High voltage electricity towers are pictured on the outskirts of New Delhi. A massive power cut blacked out a vast swathe of northern India affecting hundreds of millions of people. AFP Photo/Prakash Singh
Adding to their woes, further tariff hikes also loom large with the city’s power regulator speeding up the process of determining new power rates for the year.
The absence of a subsidy will affect almost 80% of the Capital’s 34.61 lakh power consumers who use between 200 and 400 units of electricity, sources in the power department said. For the middle class, which was paying ` 970 per month approximately for 400 units in the past three months will pay about Rs. 1940 now.
The other 20%, who consume more than 400 units of power, won’t be affected since they weren’t covered by the subsidy.
North Delhi consumers may be the first to feel the pinch in a couple of days with a Tata Power Delhi Distribution Limited official saying that the power bills have been already sent out for the month of April.

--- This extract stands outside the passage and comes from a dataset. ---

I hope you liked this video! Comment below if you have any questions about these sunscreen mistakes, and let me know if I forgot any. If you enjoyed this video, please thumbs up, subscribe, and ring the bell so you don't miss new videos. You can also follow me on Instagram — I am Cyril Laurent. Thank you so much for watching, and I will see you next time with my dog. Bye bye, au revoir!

The subsidy, first offered by the Sheila Dikshit government, was followed by the Aam Aadmi Party (AAP) government that slashed power bills in the Capital by 50%. But due to an absence of budgetary allocation by the 49-day AAP government, the subsidy was discontinued on March 31 this year.

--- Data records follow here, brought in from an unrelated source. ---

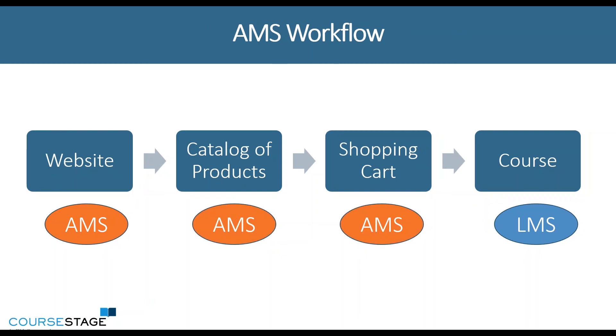The second scenario is utilizing your association management system as your entire process — from searching your website, being able to display the actual catalog of products that you offer, and going through the checkout process in the shopping cart, all the way through to when they make a purchase.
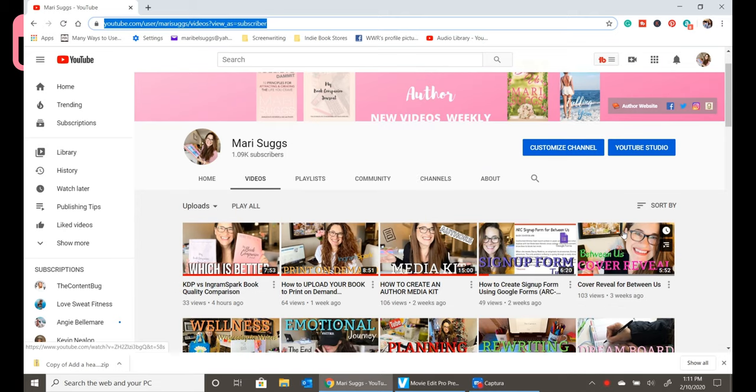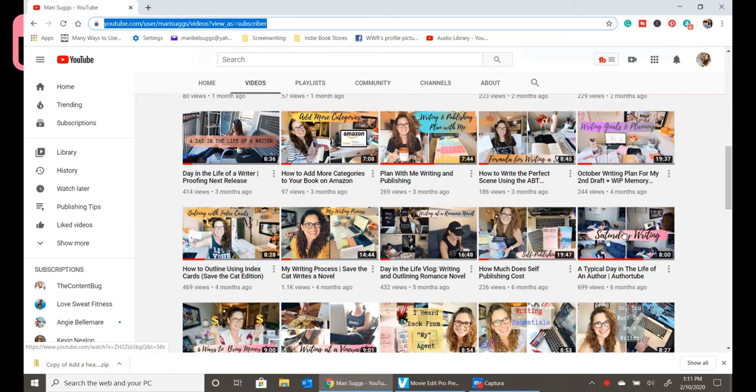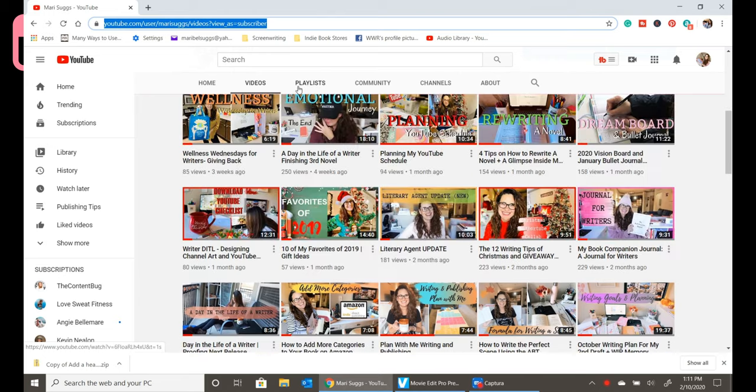Those are 10 things that you need to start thinking about if you want to self-publish your book for the first time. Make sure you look through my channel — I have a lot of videos on writing and publishing that will help you. I will be posting additional videos diving more into each of these topics to help you get from one point to the next so that you don't miss a beat.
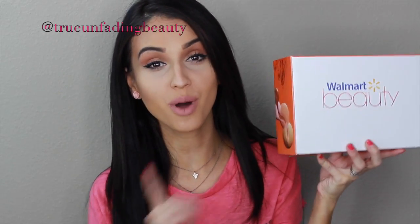Hi ladies, welcome back to my channel. Today's video is going to be another unboxing — the Walmart beauty box for the month of March. I was really not going to film this one. I said if I get another beauty box from Walmart this month, I'm not gonna film it. I'll just let it pass and maybe combine April and March to show you guys.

Currently, those consuming up to 200 units of power pay Rs. 3.90 per unit, while those consuming between 201 units and 400 units pay Rs. 5.8 per unit.

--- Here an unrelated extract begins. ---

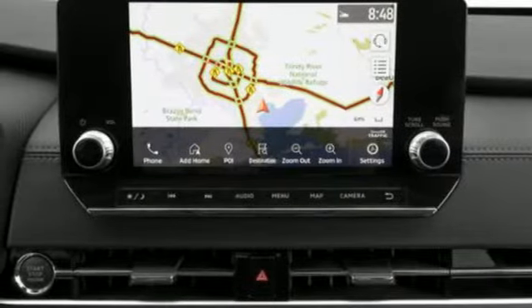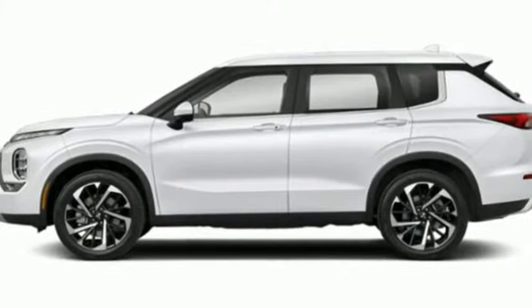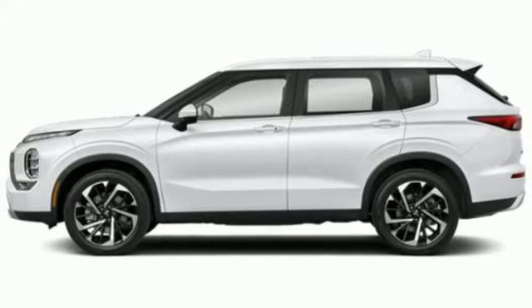active grille shutters, doors and push button start proximity key, and i4 engine. See it for yourself when you take it for a test drive.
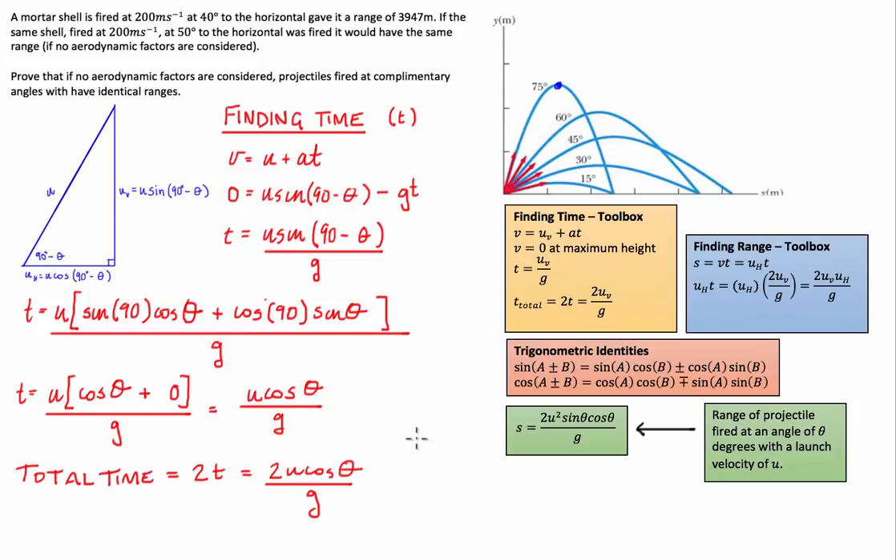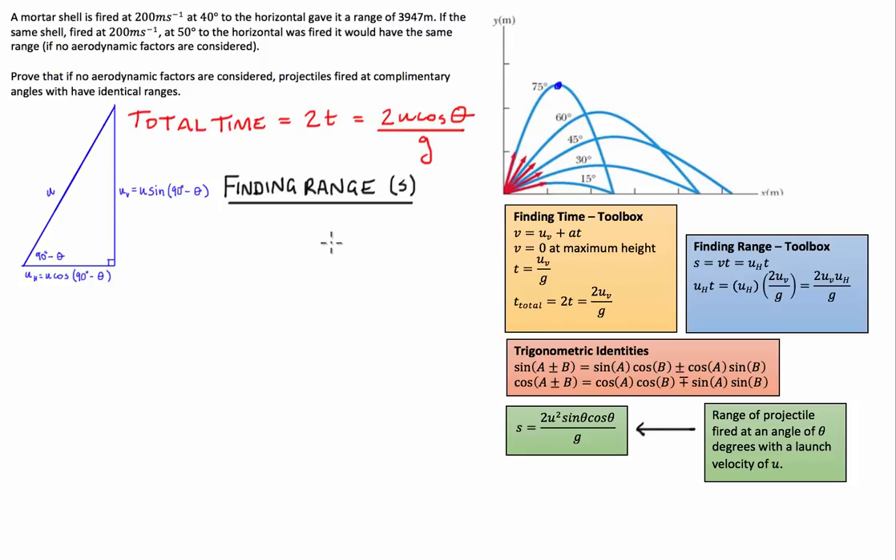Now we use this time and the horizontal velocity to find the range of the complementary angle. Using s = vt, the velocity is the horizontal component of the initial projection velocity, which is u times cosine of (90 minus theta), multiplied by the total time 2u cosine theta over g.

“We will start sending out the unsubsidised power bills from next week for April. A few whose billing cycle is between March 20 and April 20 will get their bills in April itself,” a discom official said.
However, the future may hold worse news for consumers as the Delhi Electricity Power Regulator (DERC) is going to issue a public notice this week that will invite suggestions and objections on tariff petitions submitted by the three power discoms for this year, all of whom have asked for an increase in power rates. The process is expected to go on for a month followed by a public hearing. Once this concludes, the new tarif f will be announced which is likely to increase power bills further.